Written by Anna Disley

This is how we think about putting projects together at New Writing North. There are no hard and fast rules and this is by no means the only way, but here are a few things to think about.

Think about your project using the following categories:

Aims and objectives     Partners     Audience or readership    Quality     Fundraising     Budget     Evaluation

Aims and objectives

The aim of your project is its overall intention. What do you hope your project will achieve? The objectives (and there are usually a few) are the steps you will take to get there.

For example the aim of our Young Writers City project is:

For young people in Newcastle to reach their potential through engagement in literature, arts and culture

The objectives are:

To introduce the idea of creative writing to large numbers of pupils through inspirational and ambitious writer-led projects in school

For professional writers to work with the same young people over a long period to develop pupils’ confidence and ideas

To have high expectations of young people and to have an outcome and audience in mind for the final work (performance, film, publication)

To support pupils who show a particular interest or talent for the work and to identify or set up provisions for those pupils to continue their interest

Partners

It is rare that NWN undertakes a project that doesn’t have partners. Working in partnership enables us, and the partner organisation(s) to get more done and have a greater impact than any of us could have alone. The key to effective partnerships is to have a shared vision and a mutually beneficial relationship. For example in the school we are working with on the Young Writers’ City project described above we would be:

Providing an experience for the pupils that the school is unable or doesn’t have the capacity to provide

We would be providing them with another way of engaging hard to reach pupils

We would find ways for our project to feed into their curriculum

The project would provide them with PR and profile

When thinking about your project try to identify which other organisations might also benefit from your work, and approach them.

Audience or Readership

For any arts or literature project you need to identify who you are creating the work for. Who is the audience? Who are the readers? And where will you find them?

In the project described above, we defined our audience as the young people involved in the workshops, other pupils in the school, family and friends of participants, teachers in the school and arts audiences.

Your marketing plan identifies how you will engage those audiences. The plan would how you will use the following PR and marketing tools:

Press Releases

Social Media including Facebook, Twitter, Instagram

Direct Mail

Leaflets and posters

Adverts including on social media

Events including launches, roadshows, workshops

Quality

How you define quality is very subjective, but ‘what quality looks like’ is something worth considering when putting your project together.

For us in the project example, the features of the project that we felt would assist quality included:

Employing writers who are experienced at working with young people, have high expectations and who are committed to the work

That the work is coproduced with the participants

That there is provision for legacy once the project is over

That there is a commitment to high production values whatever the end product is

That the young people know they are creating work for an audience

Fundraising

You will need to have a plan for fundraising for your project, especially if you don’t think you are going to meet the costs from book sales or ticket income.
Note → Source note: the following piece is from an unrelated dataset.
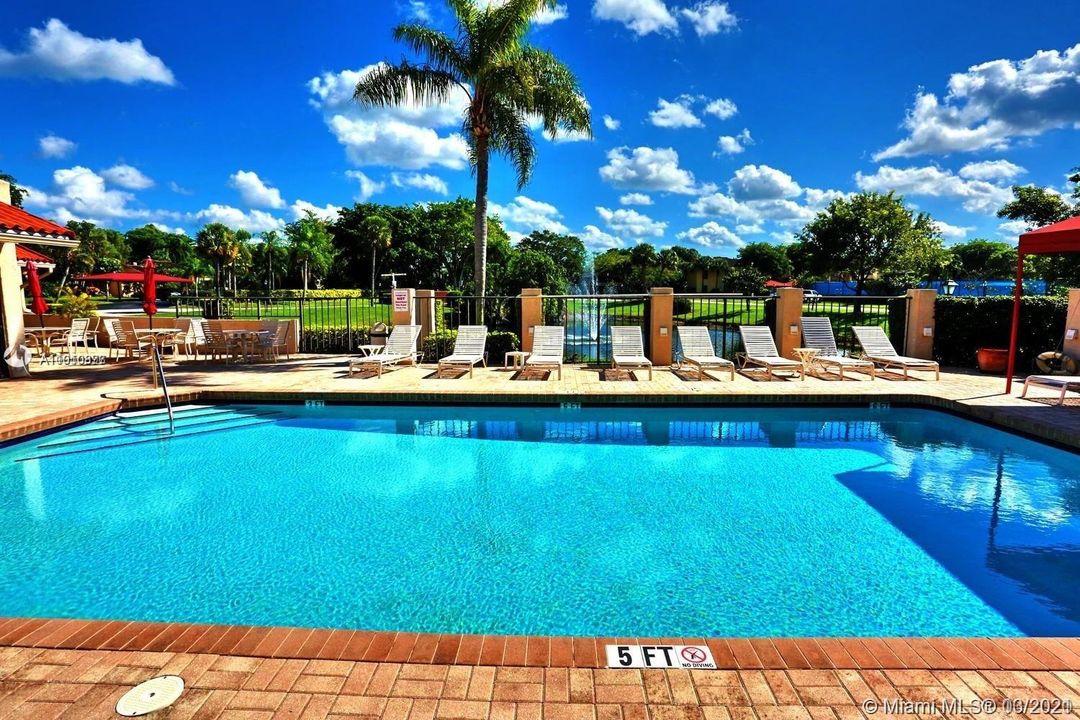 Vendido Recientemente: $400,000 (3 camas, 3 baños, 1710 Pies cuadrados)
Arts Council England run Grants for the Arts which is a programme that support arts and cultural projects in England. Individuals are eligible to apply. You can apply for up to £15,000 and this is recommended if you are just starting out on your career, or over £15,000 if you are experienced.

Other sources include:

Crowdfunding using websites such as Kickstarter.

Trusts and Foundations. Examples include Paul Hamlyn, Garfield Weston, Esmee Fairbairn and the Foyle Foundation. Many trusts don’t fund individuals but the Jerwood Foundation does.

Business sponsorship

Partner support (eg. box office guarantees)

Budget

Of course budgets will vary depending on the project, but a few things to consider are:

Writers’ and artists’ fees

Travel costs

Marketing costs

Materials

Production costs

Evaluation costs

Contingency (a small reserve of funds to cover unexpected costs – usually between 5-10% of the total budget).

Management fees

Evaluation

In all the projects we produce we want to know what the impact of the work has been so that we can learn from the challenges or build on the successes. At the beginning of the project it’s a good idea to identify what success will look like. To do this we recommend revisiting your aims and objectives and identifying ‘measures of success’.

The objectives are:

To introduce the idea of creative writing to large numbers of pupils through inspirational and ambitious writer-led projects in school

MOS: that at least 300 pupils took part in the project

 

For professional writers to work with the same young people over a long period to develop pupils’ confidence and ideas

MOS: that 50% of participants said their confidence had improved as a result of the project

 

To have high expectations of young people and to have an outcome and audience in mind for the final work (performance, film, publication)

MOS: that feedback on social media was generally positive

 

To support pupils who show a particular interest or talent for the work and to identify or set up provisions for those pupils to continue their interest.

MOS: that 10% of participants continue to be involved in arts activity.